In calce, le firme di tutte le componenti: dalla corrente di destra Mi, consigliere Eligio Paolini, al laico del Pd Roberto Romboli, dall’esponente di Area Antonello Cosentino a quello di Unicost Roberto D’Auria insieme a Roberto Fontana, l’indipendente vicino alla sinistra.
L’altra relazione invece, favorevole alla separazione delle carriere (la riforma “è necessaria” e “pone al centro del sistema giudiziario la garanzia dei diritti e la tutela delle libertà dei cittadini”), porta la firma del laico di FdI, Felice Giuffré, ed è il tentativo di dividere il parlamentino dei magistrati, dopo l’unità mostrata dai giudici nell’Assemblea dell’Anm di fine anno.
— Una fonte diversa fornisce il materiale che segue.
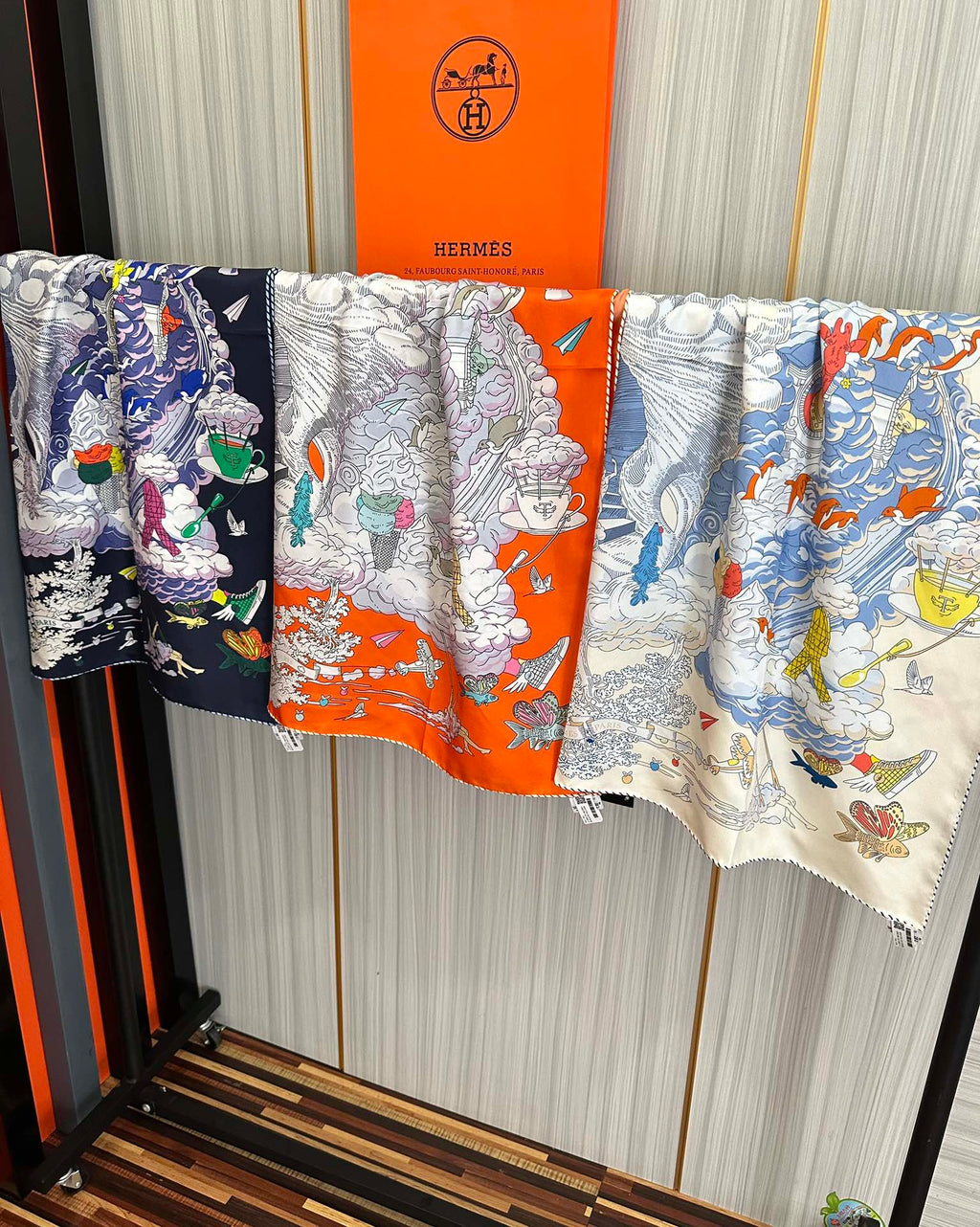 HERMES HERMES 25S SCARF 90 IN SILK 724702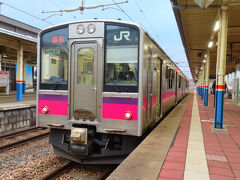 17:27「酒田駅」到着。昨年夏の夕刻、秋田地方の豪雨のためこの駅からの秋田行きが運行取りやめに。進むも戻るもできなくなって急遽ここ宿泊となりました。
Che ha dato il via anche alla formazione nel Paese di comitati referendari anti-separazione aperti alla società civile e ad esponenti dell’Accademia e dell’avvocatura.
Tornando al parere depositato dai cinque consiglieri, invece, il disegno riformatore della destra al governo, “pur lasciando formalmente intatti” presìdi e garanzie, nel concreto sviluppo della riforma, “non elimina il rischio di un affievolimento dell’indipendenza del Pm rispetto agli altri poteri dello Stato”.
Anzi, la previsione è ben più fosca quando i consiglieri scrivono che “secondo alcuni, la separazione delle carriere unitamente alla contestuale istituzione di un autonomo organo di autogoverno composto esclusivamente da magistrati requirenti, con membri laici, porterebbe alla separazione di un corpo,di funzionari pubblici ,deputato alla direzione della polizia giudiziaria, essenzialmente autoreferenziale; un secondo e autonomo potere giudiziario, indipendente da ogni altro”. E citano così le parole del costituzionalista Alessandro Pizzorusso: “Il potere dello Stato più forte che si sia mai avuto in alcun ordinamento costituzionale dell’epoca contemporanea”.
Nel clima politico riacceso, nelle scorse settimane, dalle sentenze nei confronti di Renzi e Salvini, la relazione bipartisan non manca poi di ribadire i due dati di fatto: non solo “i passaggi dall’una all’altra funzione”, da pubblico ministero a giudice, “riguardano percentuali largamente inferiori all’1% dell’organico in servizio”, ma sono condizionati da “limitazioni di natura funzionale e territoriale” tali da non poter comportare, “neanche sotto il profilo dell’apparenza, rischi di ricadute negative in termini di imparzialità e terzietà”.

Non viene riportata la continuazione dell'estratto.